Source data:

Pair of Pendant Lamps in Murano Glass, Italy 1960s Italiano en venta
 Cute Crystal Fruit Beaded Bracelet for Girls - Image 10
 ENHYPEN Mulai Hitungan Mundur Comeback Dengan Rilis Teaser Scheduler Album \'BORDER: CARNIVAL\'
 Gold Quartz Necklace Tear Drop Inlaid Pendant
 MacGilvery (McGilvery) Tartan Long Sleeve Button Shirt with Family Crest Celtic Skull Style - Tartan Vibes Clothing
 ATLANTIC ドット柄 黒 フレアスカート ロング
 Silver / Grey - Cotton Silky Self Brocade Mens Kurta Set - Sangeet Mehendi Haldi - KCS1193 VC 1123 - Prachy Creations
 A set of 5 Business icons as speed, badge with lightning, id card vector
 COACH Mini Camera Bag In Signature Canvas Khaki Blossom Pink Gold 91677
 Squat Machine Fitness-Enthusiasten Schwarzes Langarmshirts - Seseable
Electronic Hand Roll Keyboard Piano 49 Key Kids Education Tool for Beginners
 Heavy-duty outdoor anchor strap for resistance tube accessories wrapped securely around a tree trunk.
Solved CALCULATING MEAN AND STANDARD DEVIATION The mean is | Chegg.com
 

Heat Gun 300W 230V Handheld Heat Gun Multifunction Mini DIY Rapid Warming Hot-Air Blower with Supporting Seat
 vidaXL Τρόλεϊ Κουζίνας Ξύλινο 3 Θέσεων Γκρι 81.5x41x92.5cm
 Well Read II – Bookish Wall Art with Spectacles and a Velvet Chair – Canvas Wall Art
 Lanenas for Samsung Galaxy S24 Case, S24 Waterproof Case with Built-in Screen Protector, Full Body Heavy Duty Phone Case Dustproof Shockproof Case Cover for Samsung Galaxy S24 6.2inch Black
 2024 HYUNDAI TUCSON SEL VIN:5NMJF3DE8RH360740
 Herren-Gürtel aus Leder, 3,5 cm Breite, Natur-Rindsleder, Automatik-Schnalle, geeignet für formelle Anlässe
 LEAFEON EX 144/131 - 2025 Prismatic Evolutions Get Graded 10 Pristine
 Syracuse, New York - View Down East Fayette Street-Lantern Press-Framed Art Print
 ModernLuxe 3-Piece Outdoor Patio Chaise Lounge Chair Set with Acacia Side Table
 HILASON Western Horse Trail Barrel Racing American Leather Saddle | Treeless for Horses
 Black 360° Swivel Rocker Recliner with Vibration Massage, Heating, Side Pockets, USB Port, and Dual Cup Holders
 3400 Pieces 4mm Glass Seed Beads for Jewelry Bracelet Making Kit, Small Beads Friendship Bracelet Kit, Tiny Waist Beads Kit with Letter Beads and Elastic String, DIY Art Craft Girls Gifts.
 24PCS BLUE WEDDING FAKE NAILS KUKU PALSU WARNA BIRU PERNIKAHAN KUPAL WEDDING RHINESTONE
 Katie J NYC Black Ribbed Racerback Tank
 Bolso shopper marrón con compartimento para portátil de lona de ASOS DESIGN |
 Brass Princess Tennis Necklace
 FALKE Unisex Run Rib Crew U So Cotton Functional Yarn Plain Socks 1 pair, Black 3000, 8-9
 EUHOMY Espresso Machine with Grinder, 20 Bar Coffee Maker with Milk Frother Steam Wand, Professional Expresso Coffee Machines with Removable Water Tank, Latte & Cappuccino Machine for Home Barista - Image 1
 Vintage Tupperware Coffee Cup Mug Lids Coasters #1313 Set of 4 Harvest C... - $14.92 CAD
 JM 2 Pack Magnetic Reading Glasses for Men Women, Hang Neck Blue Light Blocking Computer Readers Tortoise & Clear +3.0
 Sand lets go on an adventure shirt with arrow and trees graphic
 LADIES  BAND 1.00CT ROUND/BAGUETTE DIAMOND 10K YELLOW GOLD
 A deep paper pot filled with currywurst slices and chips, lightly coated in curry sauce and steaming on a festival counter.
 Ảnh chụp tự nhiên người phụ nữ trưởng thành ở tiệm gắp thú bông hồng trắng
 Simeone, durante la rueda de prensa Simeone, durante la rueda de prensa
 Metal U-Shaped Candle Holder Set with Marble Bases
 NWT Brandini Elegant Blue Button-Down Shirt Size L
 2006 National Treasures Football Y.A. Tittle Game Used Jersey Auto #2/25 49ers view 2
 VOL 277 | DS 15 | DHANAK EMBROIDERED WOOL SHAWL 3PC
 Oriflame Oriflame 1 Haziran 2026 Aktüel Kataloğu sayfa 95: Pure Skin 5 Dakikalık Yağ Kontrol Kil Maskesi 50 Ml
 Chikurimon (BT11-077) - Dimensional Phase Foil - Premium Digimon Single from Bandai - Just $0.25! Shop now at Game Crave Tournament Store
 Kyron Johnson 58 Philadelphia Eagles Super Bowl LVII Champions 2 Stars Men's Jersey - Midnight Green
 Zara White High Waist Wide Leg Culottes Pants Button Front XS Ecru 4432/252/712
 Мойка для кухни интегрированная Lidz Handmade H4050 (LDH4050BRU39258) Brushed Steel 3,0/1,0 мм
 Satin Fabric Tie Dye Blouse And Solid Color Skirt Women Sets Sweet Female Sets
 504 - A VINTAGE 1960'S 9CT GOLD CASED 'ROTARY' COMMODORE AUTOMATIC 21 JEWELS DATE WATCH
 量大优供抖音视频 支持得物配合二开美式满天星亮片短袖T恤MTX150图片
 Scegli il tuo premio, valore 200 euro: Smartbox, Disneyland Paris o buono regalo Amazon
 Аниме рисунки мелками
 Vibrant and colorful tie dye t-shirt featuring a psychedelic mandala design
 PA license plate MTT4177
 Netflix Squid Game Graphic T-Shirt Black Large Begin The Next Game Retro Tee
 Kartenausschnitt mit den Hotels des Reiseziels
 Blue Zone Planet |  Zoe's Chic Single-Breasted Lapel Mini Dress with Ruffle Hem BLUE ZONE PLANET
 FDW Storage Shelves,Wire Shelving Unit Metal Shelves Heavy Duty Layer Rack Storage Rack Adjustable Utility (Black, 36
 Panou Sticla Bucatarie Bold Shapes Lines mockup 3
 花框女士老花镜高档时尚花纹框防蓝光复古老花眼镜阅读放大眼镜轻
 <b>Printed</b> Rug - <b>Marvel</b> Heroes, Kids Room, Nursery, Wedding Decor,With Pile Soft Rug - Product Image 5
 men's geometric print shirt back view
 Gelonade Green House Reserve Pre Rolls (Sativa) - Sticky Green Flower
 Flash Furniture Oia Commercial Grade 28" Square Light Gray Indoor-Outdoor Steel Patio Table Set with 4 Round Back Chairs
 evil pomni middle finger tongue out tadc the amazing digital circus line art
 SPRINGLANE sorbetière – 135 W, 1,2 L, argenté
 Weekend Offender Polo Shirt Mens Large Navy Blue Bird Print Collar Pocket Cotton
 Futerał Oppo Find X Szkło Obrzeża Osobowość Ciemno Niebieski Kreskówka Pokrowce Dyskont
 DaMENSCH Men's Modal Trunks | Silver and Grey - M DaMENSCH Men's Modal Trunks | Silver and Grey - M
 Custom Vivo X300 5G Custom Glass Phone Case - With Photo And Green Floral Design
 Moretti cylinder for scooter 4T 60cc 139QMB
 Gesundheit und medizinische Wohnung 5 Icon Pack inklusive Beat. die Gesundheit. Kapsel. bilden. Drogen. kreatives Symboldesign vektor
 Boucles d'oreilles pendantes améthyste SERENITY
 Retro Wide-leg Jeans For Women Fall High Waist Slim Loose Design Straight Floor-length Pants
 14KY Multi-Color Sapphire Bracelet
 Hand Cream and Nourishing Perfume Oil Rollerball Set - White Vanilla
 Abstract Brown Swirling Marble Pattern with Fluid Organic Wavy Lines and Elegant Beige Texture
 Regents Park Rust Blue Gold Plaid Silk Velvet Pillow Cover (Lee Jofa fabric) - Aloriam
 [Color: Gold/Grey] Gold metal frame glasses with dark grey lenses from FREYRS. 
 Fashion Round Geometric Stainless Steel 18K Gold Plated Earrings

Problem requirements: Working from the material above, retype exactly the lines from the one with "Zara White High" through the one with "Аниме рисунки мелками", both included, and only those lines.

Task output:
 Zara White High Waist Wide Leg Culottes Pants Button Front XS Ecru 4432/252/712
 Мойка для кухни интегрированная Lidz Handmade H4050 (LDH4050BRU39258) Brushed Steel 3,0/1,0 мм
 Satin Fabric Tie Dye Blouse And Solid Color Skirt Women Sets Sweet Female Sets
 504 - A VINTAGE 1960'S 9CT GOLD CASED 'ROTARY' COMMODORE AUTOMATIC 21 JEWELS DATE WATCH
 量大优供抖音视频 支持得物配合二开美式满天星亮片短袖T恤MTX150图片
 Scegli il tuo premio, valore 200 euro: Smartbox, Disneyland Paris o buono regalo Amazon
 Аниме рисунки мелками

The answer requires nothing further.